A computational model combining vascular biology and haemodynamics for thrombosis prediction in anatomically accurate cerebral aneurysms

In spite of the fact that controlled thrombosis, induced via coiling, seems to be the optimal approach for the treatment of cerebral saccular aneurysms, the spontaneous and uncontrolled formation of intrasaccular clots results in major embolism risk for the distal vasculature. Progress in non-invasive imaging and geometric reconstruction techniques allow us to apply computational simulation tools for the a priori prediction of thrombotic risk. Prior computational studies have either focused exclusively on modelling the fluid dynamics in realistic geometries or looking at biochemical kinetic descriptions in idealized geometries. The present study provides a comprehensive model for the prediction of thrombus formation by integrating (1) realistic geometries from Computer Tomography data; (2) arterial haemodynamics; and (3) vascular biochemistry. This is accomplished using the framework of a general purpose CFD software (CFD-ACE+).
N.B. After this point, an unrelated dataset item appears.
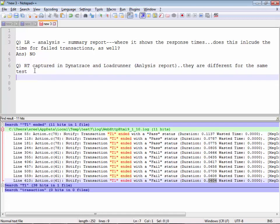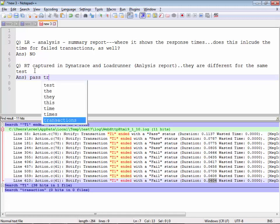The answer relates to the previous interview question. LoadRunner's summary report only captures response times for passed transactions. Whatever response times exist for failed transactions, LoadRunner does not capture those.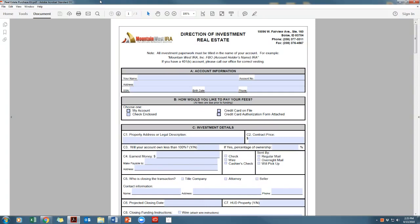Hello. Now that your account is set up, let's go through the documents required to purchase real estate in your IRA. Please make sure to supply our transaction department with the contact information of your realtor, title agent, and lender to ensure proficient communication between all parties involved. Let's get started.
For this study, we demonstrate the capacity of the technique by predicting thrombus formation in a right internal carotid artery with two saccular aneurysms very close to each other. The study reveals a significant difference in haemodynamic and thrombogenesis patterns in the two aneurysms, further illustrating the need for more patient-specific studies based on anatomically realistic geometric models. The framework also allows for the incorporation of more advanced models concerning the particulate nature of platelets, aggregation effects, stenosis development and so on, which will be tackled in future efforts.